### BRIEF:
Repeat exactly the lines from the start of the material below up to and including the "Chaise Lounge Beach Chair" line.

### SOURCE DATA:
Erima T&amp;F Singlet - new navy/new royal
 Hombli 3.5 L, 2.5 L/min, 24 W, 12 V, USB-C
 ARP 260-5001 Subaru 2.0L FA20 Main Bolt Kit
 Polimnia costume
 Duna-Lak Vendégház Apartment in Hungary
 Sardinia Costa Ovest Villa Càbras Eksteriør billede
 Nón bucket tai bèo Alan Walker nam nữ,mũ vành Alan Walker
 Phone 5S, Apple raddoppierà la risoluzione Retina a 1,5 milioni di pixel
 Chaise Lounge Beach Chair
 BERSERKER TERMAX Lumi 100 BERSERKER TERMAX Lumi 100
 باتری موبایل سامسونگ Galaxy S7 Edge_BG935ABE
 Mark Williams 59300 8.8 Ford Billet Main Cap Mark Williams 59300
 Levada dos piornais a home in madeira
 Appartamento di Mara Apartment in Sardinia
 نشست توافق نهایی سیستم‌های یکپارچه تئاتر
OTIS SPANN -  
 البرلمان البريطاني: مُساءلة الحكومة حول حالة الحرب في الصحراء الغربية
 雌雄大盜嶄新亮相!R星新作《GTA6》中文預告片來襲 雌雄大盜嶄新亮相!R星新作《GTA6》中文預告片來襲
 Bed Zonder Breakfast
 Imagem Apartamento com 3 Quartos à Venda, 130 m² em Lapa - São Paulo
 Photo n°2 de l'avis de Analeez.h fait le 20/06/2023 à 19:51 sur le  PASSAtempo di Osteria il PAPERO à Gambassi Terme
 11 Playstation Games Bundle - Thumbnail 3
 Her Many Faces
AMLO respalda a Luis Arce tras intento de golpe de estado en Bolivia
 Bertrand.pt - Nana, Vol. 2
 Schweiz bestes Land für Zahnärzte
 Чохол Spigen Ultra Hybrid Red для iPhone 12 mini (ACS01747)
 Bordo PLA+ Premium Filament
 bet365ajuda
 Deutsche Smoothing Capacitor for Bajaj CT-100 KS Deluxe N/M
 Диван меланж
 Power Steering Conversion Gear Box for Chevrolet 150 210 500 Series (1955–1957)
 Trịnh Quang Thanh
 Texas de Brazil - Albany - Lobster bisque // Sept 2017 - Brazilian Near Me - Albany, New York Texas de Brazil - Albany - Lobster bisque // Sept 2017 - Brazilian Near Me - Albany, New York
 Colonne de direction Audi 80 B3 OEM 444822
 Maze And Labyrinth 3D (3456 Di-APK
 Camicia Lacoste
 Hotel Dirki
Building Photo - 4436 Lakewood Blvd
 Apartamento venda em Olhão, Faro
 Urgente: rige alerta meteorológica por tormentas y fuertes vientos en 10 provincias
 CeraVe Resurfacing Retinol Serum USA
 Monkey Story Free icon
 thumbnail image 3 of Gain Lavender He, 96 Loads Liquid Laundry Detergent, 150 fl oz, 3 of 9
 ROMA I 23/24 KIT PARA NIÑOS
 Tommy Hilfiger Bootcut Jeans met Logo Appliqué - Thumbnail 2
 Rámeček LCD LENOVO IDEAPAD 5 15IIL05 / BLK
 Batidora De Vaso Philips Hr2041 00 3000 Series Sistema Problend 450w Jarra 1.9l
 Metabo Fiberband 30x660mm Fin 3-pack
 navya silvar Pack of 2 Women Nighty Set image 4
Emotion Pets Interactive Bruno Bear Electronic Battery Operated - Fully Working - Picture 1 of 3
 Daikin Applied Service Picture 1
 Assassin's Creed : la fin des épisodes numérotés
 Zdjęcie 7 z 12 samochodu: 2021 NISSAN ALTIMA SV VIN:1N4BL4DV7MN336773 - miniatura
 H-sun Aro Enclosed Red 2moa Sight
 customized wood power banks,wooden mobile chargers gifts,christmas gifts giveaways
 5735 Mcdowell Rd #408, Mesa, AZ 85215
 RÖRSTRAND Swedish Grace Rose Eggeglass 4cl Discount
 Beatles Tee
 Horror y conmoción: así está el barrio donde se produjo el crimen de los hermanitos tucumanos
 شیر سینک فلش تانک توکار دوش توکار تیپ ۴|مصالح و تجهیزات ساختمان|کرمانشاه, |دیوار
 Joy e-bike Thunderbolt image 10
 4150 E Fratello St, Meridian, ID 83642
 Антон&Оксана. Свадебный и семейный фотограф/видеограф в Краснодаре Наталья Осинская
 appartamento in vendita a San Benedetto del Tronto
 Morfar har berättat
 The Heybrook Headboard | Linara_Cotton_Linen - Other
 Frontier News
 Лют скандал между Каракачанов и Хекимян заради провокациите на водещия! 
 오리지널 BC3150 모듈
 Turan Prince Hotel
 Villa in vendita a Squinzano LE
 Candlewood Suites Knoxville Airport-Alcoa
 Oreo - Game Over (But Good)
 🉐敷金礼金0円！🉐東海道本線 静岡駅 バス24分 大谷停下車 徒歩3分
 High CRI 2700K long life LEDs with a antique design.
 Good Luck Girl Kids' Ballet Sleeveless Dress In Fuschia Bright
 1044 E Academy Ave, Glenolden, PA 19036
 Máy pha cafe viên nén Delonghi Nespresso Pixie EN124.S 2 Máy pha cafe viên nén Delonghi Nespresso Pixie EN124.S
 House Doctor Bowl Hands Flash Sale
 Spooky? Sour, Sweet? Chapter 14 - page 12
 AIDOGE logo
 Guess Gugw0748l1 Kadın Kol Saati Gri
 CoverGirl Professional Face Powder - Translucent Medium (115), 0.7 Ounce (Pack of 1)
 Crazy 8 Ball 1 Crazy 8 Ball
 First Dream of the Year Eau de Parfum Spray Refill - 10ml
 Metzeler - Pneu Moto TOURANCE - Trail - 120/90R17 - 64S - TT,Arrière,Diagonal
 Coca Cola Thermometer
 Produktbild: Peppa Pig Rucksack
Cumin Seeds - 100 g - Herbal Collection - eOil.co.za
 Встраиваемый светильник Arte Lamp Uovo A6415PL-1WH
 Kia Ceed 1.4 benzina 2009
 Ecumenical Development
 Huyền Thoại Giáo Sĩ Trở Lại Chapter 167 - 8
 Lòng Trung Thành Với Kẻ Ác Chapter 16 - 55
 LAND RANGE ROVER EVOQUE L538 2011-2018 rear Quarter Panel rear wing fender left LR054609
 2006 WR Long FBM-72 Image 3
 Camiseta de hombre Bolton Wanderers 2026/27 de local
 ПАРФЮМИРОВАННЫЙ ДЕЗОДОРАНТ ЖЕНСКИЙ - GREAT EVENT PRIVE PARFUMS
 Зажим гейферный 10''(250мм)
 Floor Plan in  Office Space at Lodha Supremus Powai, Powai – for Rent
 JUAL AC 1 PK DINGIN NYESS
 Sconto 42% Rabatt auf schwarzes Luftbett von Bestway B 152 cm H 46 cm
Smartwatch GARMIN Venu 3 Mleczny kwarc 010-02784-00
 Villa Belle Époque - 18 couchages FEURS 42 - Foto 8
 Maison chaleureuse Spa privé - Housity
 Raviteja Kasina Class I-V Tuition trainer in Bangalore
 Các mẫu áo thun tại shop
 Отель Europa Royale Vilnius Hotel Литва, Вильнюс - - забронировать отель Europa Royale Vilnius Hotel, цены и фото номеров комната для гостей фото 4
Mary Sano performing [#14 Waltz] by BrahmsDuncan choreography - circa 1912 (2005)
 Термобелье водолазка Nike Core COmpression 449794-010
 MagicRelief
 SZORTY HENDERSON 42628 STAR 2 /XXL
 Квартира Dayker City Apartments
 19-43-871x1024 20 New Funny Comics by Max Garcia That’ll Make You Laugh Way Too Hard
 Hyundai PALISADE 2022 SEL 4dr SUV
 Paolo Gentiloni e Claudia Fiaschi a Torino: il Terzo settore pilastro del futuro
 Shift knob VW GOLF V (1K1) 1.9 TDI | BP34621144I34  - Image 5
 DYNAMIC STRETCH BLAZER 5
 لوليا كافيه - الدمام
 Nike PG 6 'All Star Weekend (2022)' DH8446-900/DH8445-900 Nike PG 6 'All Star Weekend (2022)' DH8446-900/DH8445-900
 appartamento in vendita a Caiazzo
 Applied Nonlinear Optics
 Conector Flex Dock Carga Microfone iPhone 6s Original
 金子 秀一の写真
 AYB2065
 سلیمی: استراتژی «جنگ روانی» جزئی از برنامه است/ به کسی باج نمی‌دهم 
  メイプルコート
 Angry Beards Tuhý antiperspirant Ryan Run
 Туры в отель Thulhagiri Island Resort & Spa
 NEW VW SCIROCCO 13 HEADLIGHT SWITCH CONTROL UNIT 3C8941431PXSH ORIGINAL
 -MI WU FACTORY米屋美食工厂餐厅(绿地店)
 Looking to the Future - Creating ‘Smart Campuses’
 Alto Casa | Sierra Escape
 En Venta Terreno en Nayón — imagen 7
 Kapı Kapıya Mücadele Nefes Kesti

### EXERCISE SOLUTION:
Erima T&amp;F Singlet - new navy/new royal
 Hombli 3.5 L, 2.5 L/min, 24 W, 12 V, USB-C
 ARP 260-5001 Subaru 2.0L FA20 Main Bolt Kit
 Polimnia costume
 Duna-Lak Vendégház Apartment in Hungary
 Sardinia Costa Ovest Villa Càbras Eksteriør billede
 Nón bucket tai bèo Alan Walker nam nữ,mũ vành Alan Walker
 Phone 5S, Apple raddoppierà la risoluzione Retina a 1,5 milioni di pixel
 Chaise Lounge Beach Chair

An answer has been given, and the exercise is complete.